--- PROBLEM TO SOLVE ---
Write out all of the entries below word for word.

--- RECORDS FOR THE EXERCISE ---
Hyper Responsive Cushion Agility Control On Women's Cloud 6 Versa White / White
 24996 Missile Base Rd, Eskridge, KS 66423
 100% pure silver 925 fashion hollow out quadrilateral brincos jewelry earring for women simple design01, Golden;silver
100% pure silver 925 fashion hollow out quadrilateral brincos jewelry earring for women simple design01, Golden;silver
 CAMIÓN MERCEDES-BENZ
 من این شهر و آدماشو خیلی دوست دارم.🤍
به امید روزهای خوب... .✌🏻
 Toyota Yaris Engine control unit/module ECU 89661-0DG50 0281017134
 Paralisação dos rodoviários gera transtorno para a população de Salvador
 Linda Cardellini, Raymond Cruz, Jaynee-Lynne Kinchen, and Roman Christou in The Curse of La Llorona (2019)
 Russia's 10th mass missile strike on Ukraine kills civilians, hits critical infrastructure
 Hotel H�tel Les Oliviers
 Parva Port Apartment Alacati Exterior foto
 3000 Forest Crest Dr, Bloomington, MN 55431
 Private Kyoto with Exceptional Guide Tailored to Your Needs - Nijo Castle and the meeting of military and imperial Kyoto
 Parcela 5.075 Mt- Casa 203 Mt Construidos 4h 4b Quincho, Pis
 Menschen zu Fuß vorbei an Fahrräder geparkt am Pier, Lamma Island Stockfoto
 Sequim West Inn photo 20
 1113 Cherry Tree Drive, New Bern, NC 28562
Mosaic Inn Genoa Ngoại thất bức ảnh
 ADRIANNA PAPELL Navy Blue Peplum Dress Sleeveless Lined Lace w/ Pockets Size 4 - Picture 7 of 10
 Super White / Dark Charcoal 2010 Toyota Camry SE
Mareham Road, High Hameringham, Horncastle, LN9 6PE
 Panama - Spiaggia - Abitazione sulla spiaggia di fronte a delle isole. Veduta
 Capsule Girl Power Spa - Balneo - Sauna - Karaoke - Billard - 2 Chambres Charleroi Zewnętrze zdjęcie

--- WRITTEN RESPONSE ---
Hyper Responsive Cushion Agility Control On Women's Cloud 6 Versa White / White
 24996 Missile Base Rd, Eskridge, KS 66423
 100% pure silver 925 fashion hollow out quadrilateral brincos jewelry earring for women simple design01, Golden;silver
100% pure silver 925 fashion hollow out quadrilateral brincos jewelry earring for women simple design01, Golden;silver
 CAMIÓN MERCEDES-BENZ
 من این شهر و آدماشو خیلی دوست دارم.🤍
به امید روزهای خوب... .✌🏻
 Toyota Yaris Engine control unit/module ECU 89661-0DG50 0281017134
 Paralisação dos rodoviários gera transtorno para a população de Salvador
 Linda Cardellini, Raymond Cruz, Jaynee-Lynne Kinchen, and Roman Christou in The Curse of La Llorona (2019)
 Russia's 10th mass missile strike on Ukraine kills civilians, hits critical infrastructure
 Hotel H�tel Les Oliviers
 Parva Port Apartment Alacati Exterior foto
 3000 Forest Crest Dr, Bloomington, MN 55431
 Private Kyoto with Exceptional Guide Tailored to Your Needs - Nijo Castle and the meeting of military and imperial Kyoto
 Parcela 5.075 Mt- Casa 203 Mt Construidos 4h 4b Quincho, Pis
 Menschen zu Fuß vorbei an Fahrräder geparkt am Pier, Lamma Island Stockfoto
 Sequim West Inn photo 20
 1113 Cherry Tree Drive, New Bern, NC 28562
Mosaic Inn Genoa Ngoại thất bức ảnh
 ADRIANNA PAPELL Navy Blue Peplum Dress Sleeveless Lined Lace w/ Pockets Size 4 - Picture 7 of 10
 Super White / Dark Charcoal 2010 Toyota Camry SE
Mareham Road, High Hameringham, Horncastle, LN9 6PE
 Panama - Spiaggia - Abitazione sulla spiaggia di fronte a delle isole. Veduta
 Capsule Girl Power Spa - Balneo - Sauna - Karaoke - Billard - 2 Chambres Charleroi Zewnętrze zdjęcie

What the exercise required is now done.